Task description: Please return exactly the lines below that run from the line with "Inverted World - Vinilo" through the end of the listing, both included, but not the pictures.

BEGIN Information supplied

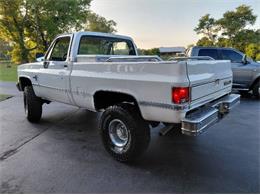 1987 Chevrolet Silverado (CC-2082810) for sale in Cadillac, Michigan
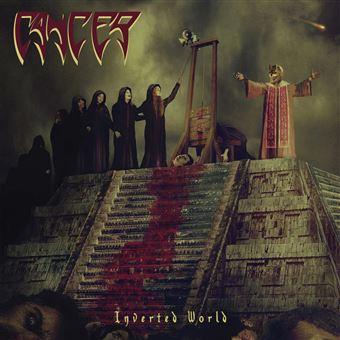 Inverted World - Vinilo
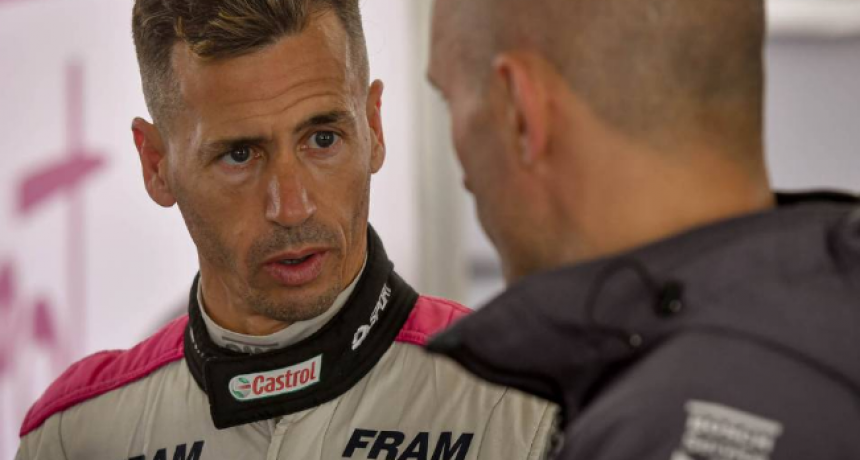 Pern&iacute;a: "Tengo confirmada mi continuidad en el TC2000"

END Information supplied

Output below:
 Inverted World - Vinilo
 Pern&iacute;a: "Tengo confirmada mi continuidad en el TC2000"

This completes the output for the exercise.